Summitt’s last public communication was a tweet posted on June 4 quoting Muhammad Ali: ‘Service to others is the rent you pay for your room here on earth.’

Want to add a few cliches to this lot?

Is it time for midsummer cliche bingo yet?

The championship starts here. This team can turn a corner. It only takes one result. They’re a summer team. They showed us nothing in the league to suggest a performance like that. They’ve gone back since last year. They’ve improved since last year. They’ve learned nothing. They’ve learned everything, somebody must have eaten some Salmon of Knowledge (said no pundit ever). They’re a different proposition in the summer. They’re a different proposition in the spring.

He looks up for this one. He looks up for that one. He’s looking to take on that responsibility. He’s looking fitter than he ever has. He doesn’t look interested. He’s a championship player. He’s not that kind of player. He’s a player who relishes the challenge. He’s a player who challenges the relish (which I’d love to hear said of some hefty full-forward, actually). He’s one of the game’s characters. Time is running out for this bunch of players. They’re one forward short. They’ve an embarrassment of riches. They’ve got great depth (but never width, if you notice).

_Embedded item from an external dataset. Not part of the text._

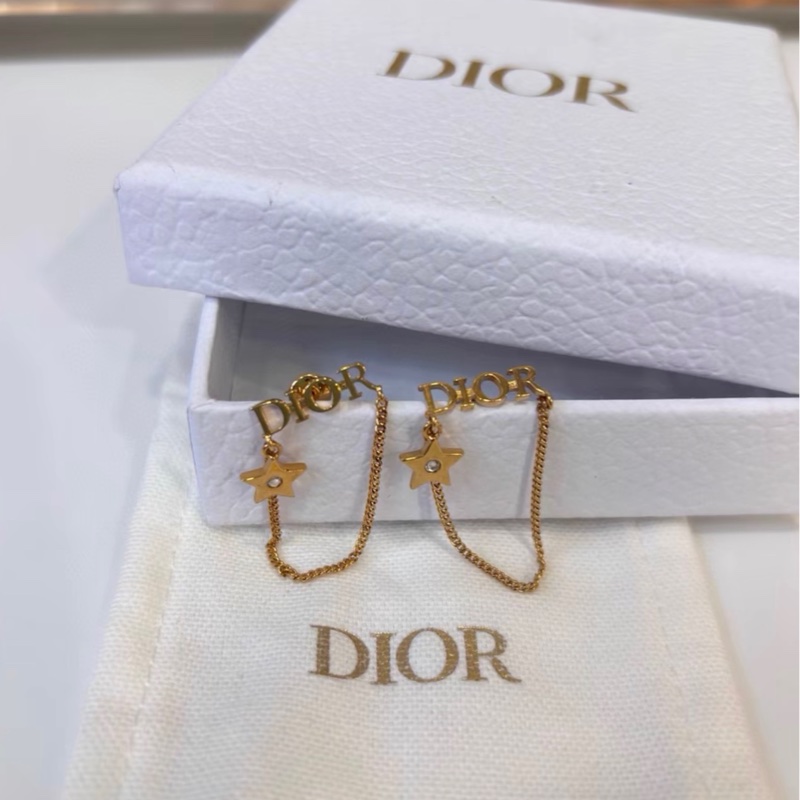 【全新✨ 全網最低價！】Dior金色 logo 星星鏈條吊墜耳環 子母加星星（下單前先詢問庫存❗️）-4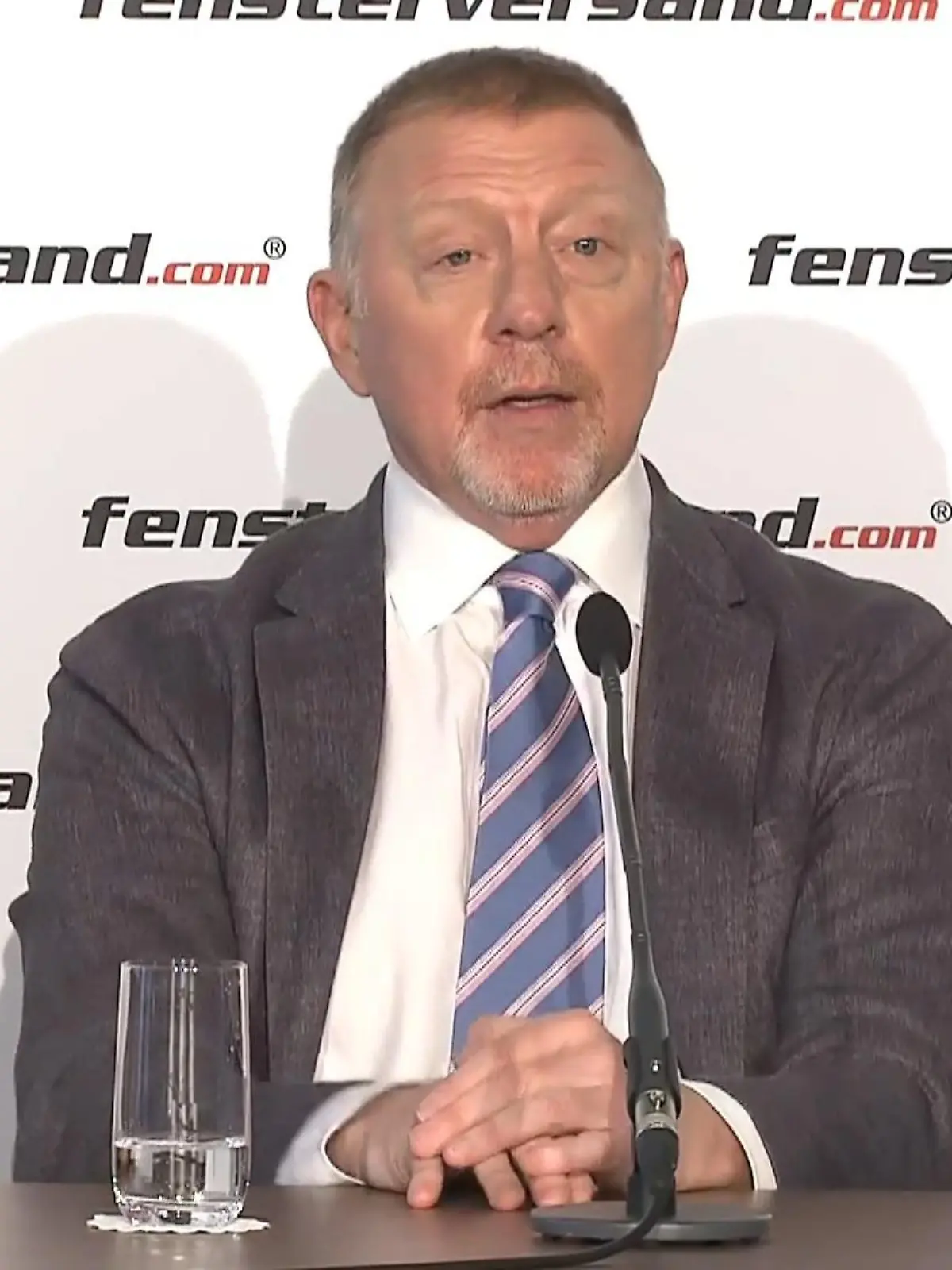 Am Rande einer PK erörterte Boris Becker seine Pläne für den Freitagabend: "Let's Dance" gucken natürlich. Und seiner Tochter dabei die Daumen drücken!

They’ve a great tradition. But is it all behind them?

There’s some credit in Don’s recording diktat

Don Henley’s audience strictures probably came across your horizon last week. The former Eagle stipulated no cameras, phones, or recording devices were to be deployed at his Irish shows, and I noted a general consensus that this was a good thing, not the power-mad rambling of an egomaniac.

I don’t go to as many concerts as I used to but I am aware of the phenomenon of phones used at such events to the detriment of people’s enjoyment. I heard one man on a radio show talk about the lady who complained to him that he was getting in the way at a concert and obscuring the view; not her view, her phone’s. But Don Henley? I struggle to get past The Story Of The Eagles, a lengthy documentary in which Henley’s waspishness is a near-constant (Henley on guitarist Don Felder wanting to sing a song on one album: “We didn’t let Mr Felder sing it... it simply didn’t come up to band standards”).

It’s entertaining so long as you didn’t have to live it, I suppose. Just wondering if Henley’s fatwa against recording worked out, or whether he had a heartache tonight (too obvious?).